## Brief
Return the complete listing exactly as it reads, with each picture removed.

--- Material provided ---

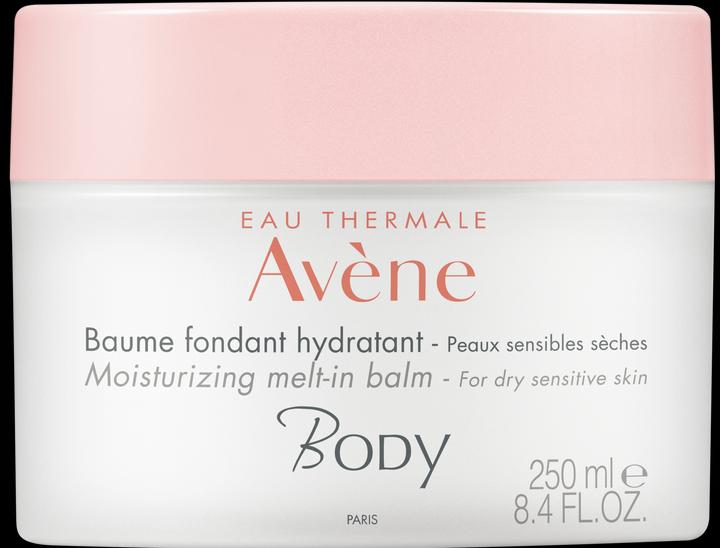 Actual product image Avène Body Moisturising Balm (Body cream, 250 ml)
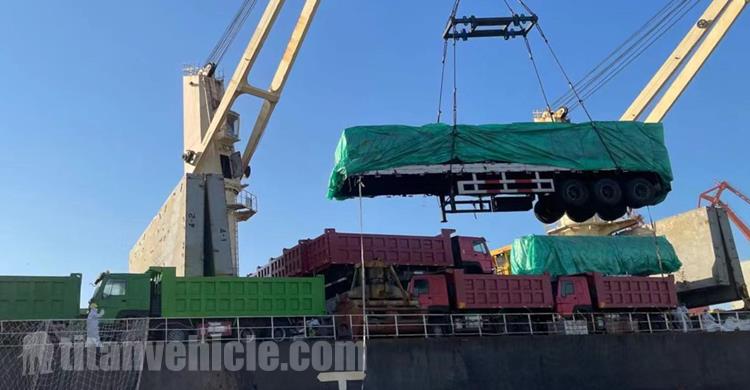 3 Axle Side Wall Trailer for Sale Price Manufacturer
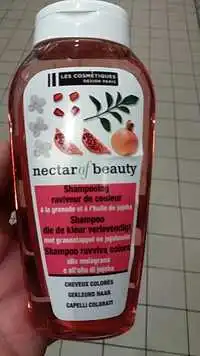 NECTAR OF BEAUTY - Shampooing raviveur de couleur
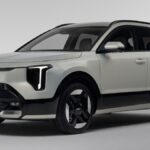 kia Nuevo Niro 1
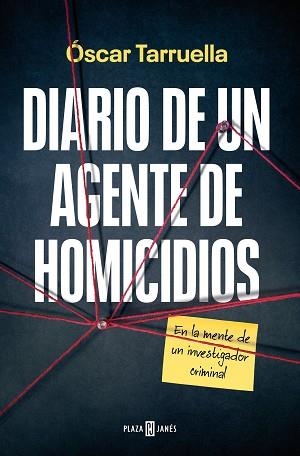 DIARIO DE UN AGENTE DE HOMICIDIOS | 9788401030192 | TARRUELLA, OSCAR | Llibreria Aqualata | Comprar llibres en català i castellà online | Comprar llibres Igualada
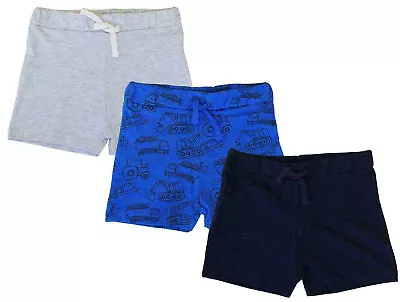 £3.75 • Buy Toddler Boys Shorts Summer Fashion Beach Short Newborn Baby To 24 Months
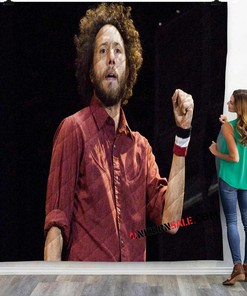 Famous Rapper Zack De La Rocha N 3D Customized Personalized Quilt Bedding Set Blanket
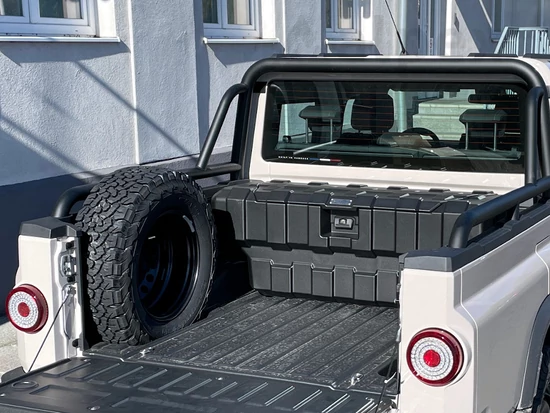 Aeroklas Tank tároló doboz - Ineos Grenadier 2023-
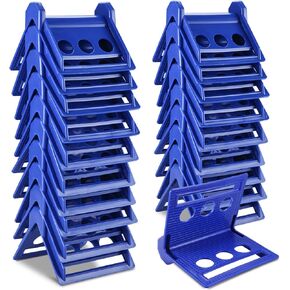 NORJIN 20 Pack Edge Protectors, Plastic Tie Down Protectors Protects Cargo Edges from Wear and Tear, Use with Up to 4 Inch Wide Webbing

---

## Result for this exercise
 Actual product image Avène Body Moisturising Balm (Body cream, 250 ml)
 3 Axle Side Wall Trailer for Sale Price Manufacturer
 NECTAR OF BEAUTY - Shampooing raviveur de couleur
 kia Nuevo Niro 1
 DIARIO DE UN AGENTE DE HOMICIDIOS | 9788401030192 | TARRUELLA, OSCAR | Llibreria Aqualata | Comprar llibres en català i castellà online | Comprar llibres Igualada
 £3.75 • Buy Toddler Boys Shorts Summer Fashion Beach Short Newborn Baby To 24 Months
 Famous Rapper Zack De La Rocha N 3D Customized Personalized Quilt Bedding Set Blanket
 Aeroklas Tank tároló doboz - Ineos Grenadier 2023-
 NORJIN 20 Pack Edge Protectors, Plastic Tie Down Protectors Protects Cargo Edges from Wear and Tear, Use with Up to 4 Inch Wide Webbing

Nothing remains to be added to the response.